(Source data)

[Start of Attachment]

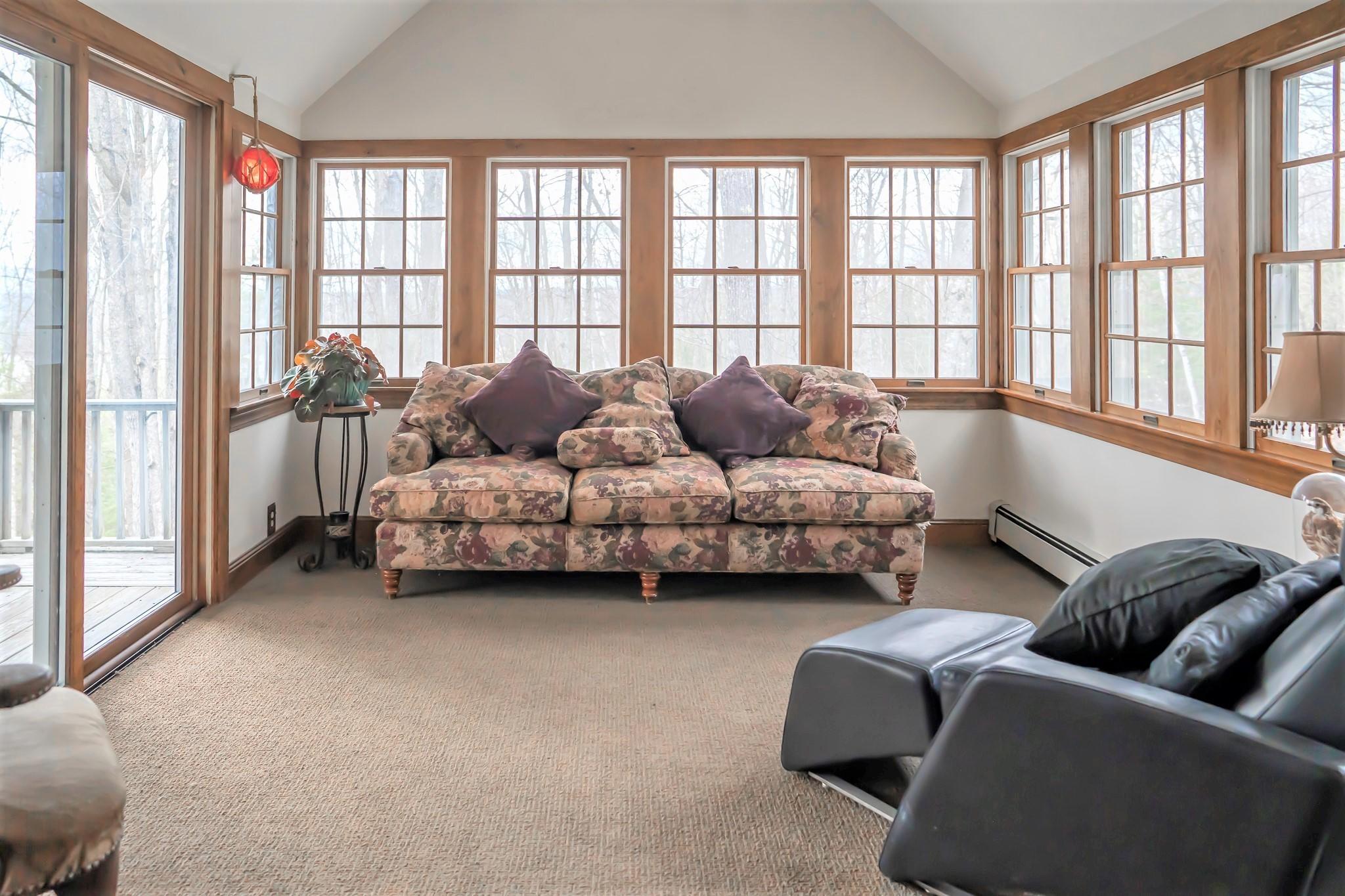 33 Stonehedge Way Harrison, ME 04040 - Photo 14 of 41 Sit In Area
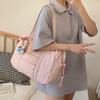 Lehká cestovní taška pro maminky ve tvaru srdce, velkokapacitní crossbody taška přes rameno s průvlekem na držadlo kufru.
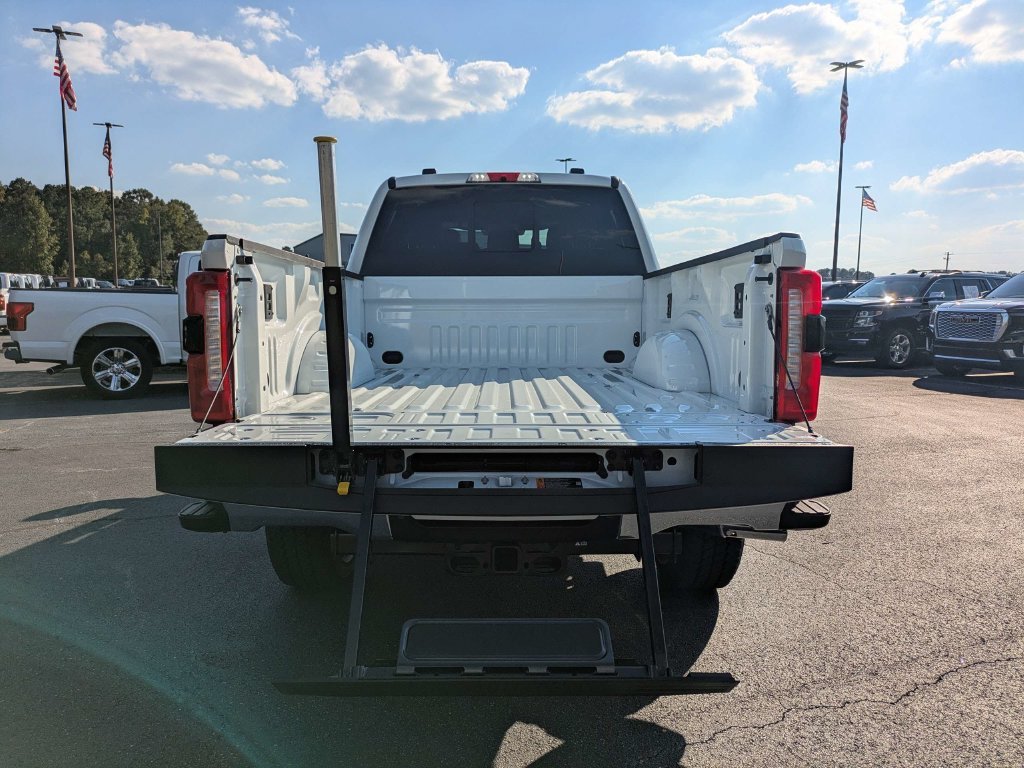 New 2026 Star White Metallic Tri-Coat Ford F-350® King Ranch® image 35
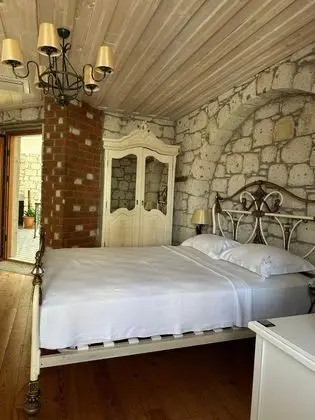 Standart Oda, Havuz Manzaralı, Balkonlu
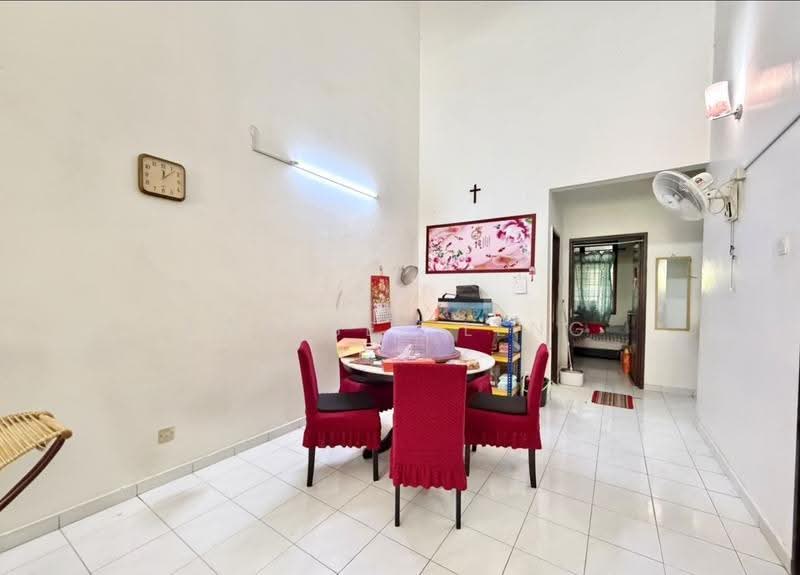 1-storey Terraced House for Sale in Taman Daya (Johor Bahru) - Ewe Bee Leng - Dining Room - PropertyGuru.com.my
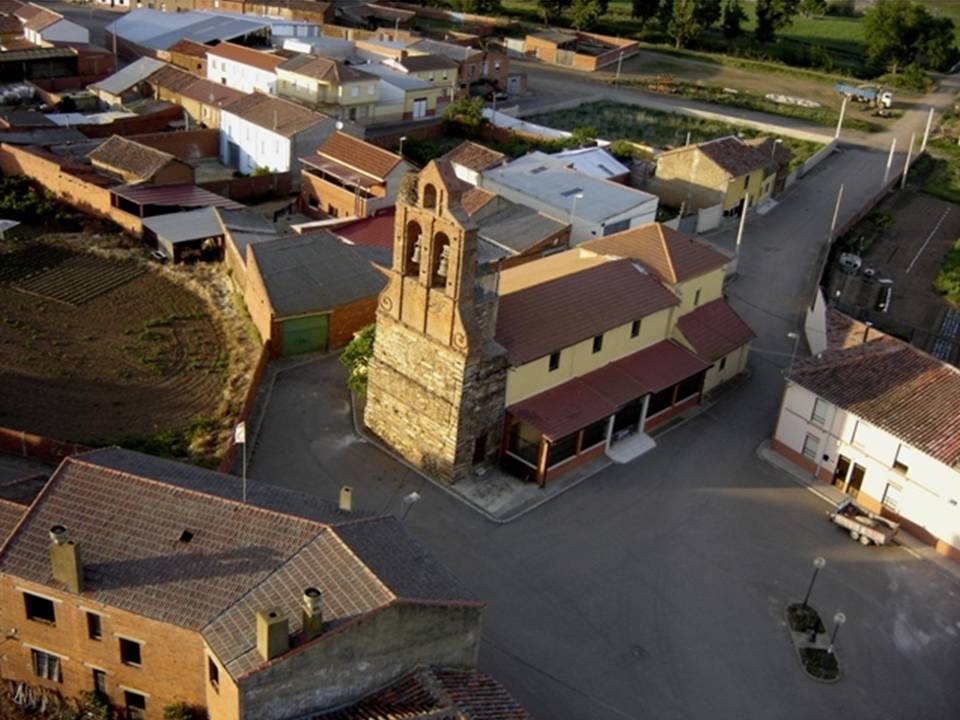 Foto: La Iglesia De Zuares Del Paramo Desde El Aire - Zuares Del Paramo (León), España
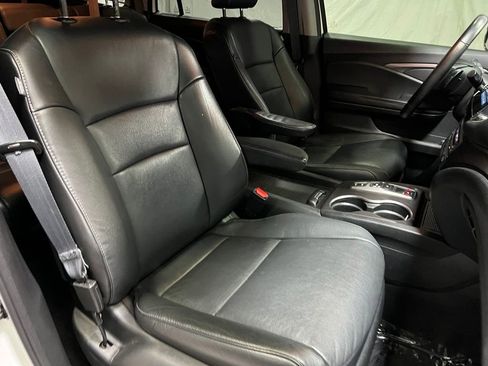Used 2021 Honda Pilot Special Edition image 9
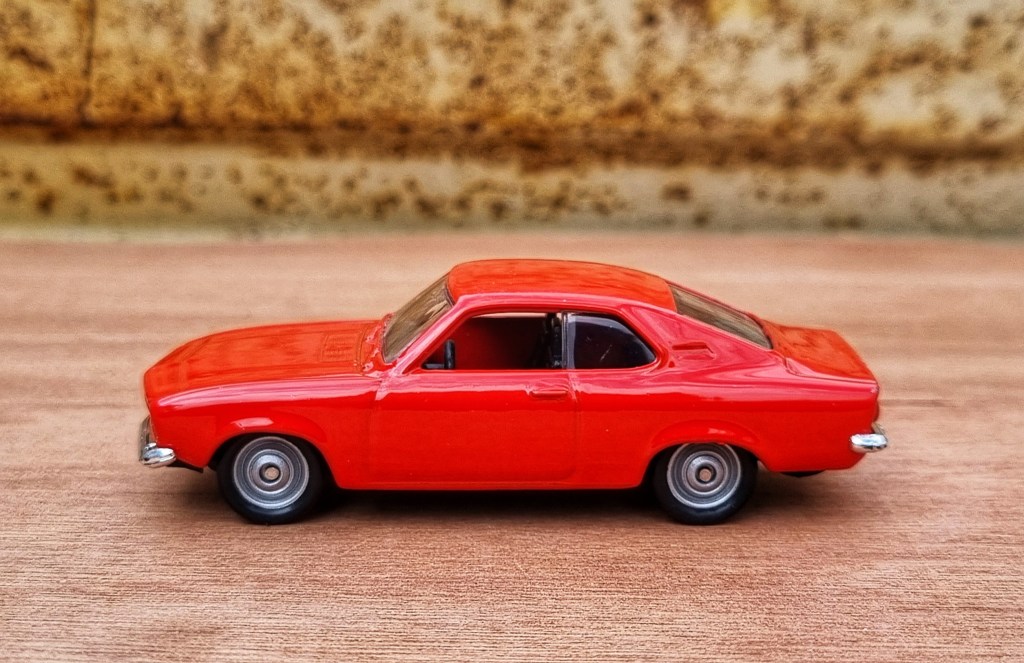 Lamley Daily: Welly Super9 1970 Opel Manta A (and a Matchbox guest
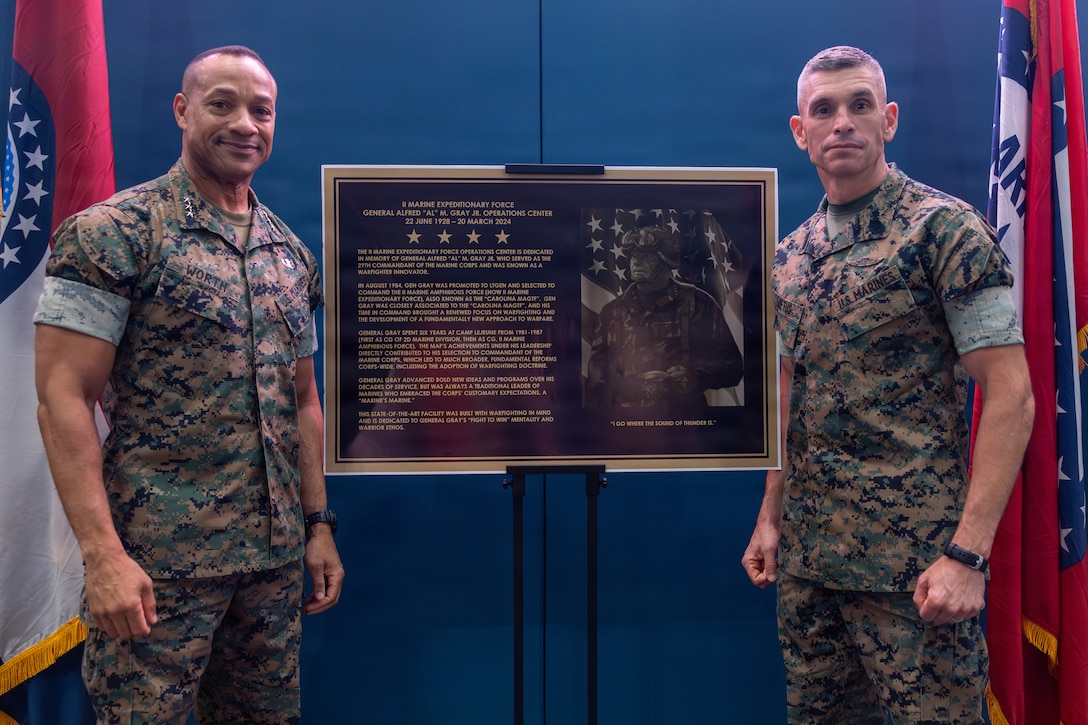 II MEF CG and II MEF SGTMAJ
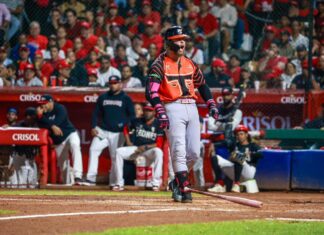 Toros no se rinden y vienen de atrás contra Leones 3-2 Toros no se rinden y vienen de atrás contra Leones 3-2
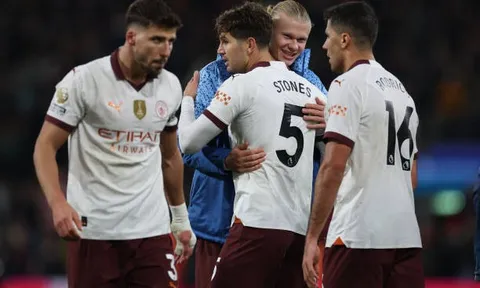 Thắng nghẹt thở, Man City bám sát ngôi đầu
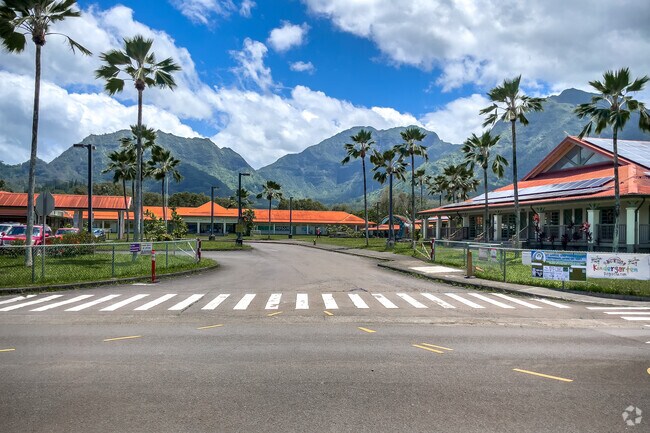 Hanelei Elementary School is the only public school in town.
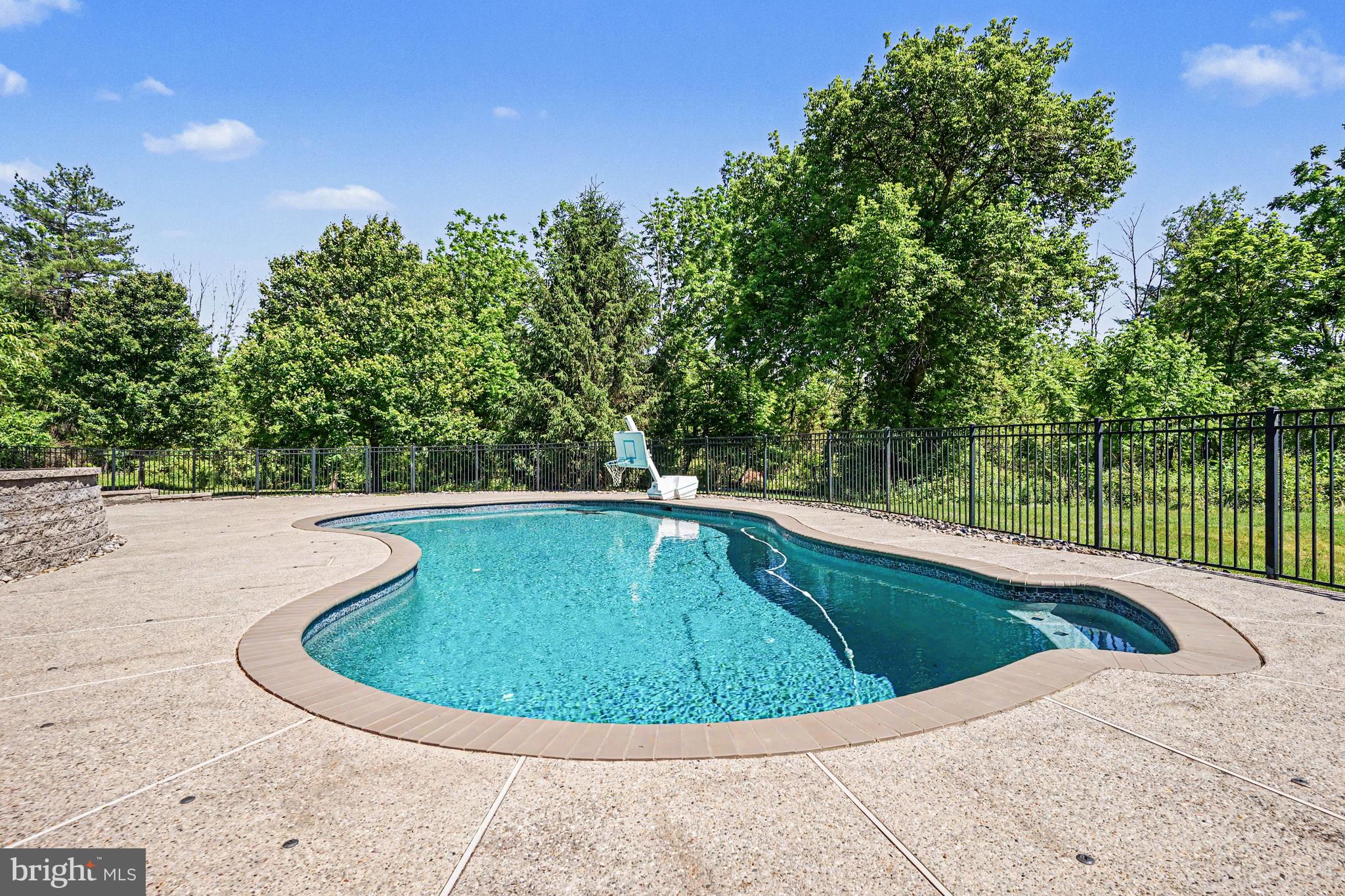 ENCLAVE AT EVANSBURG - Residential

[End of Attachment]

**TASK:**
Copy the lines of the records, beginning where the line containing "Foto: La Iglesia" appears and continuing through the final line, exactly and with no pictures.

**ANSWER:**
 Foto: La Iglesia De Zuares Del Paramo Desde El Aire - Zuares Del Paramo (León), España
Used 2021 Honda Pilot Special Edition image 9
 Lamley Daily: Welly Super9 1970 Opel Manta A (and a Matchbox guest
 II MEF CG and II MEF SGTMAJ
 Toros no se rinden y vienen de atrás contra Leones 3-2 Toros no se rinden y vienen de atrás contra Leones 3-2
 Thắng nghẹt thở, Man City bám sát ngôi đầu
 Hanelei Elementary School is the only public school in town.
 ENCLAVE AT EVANSBURG - Residential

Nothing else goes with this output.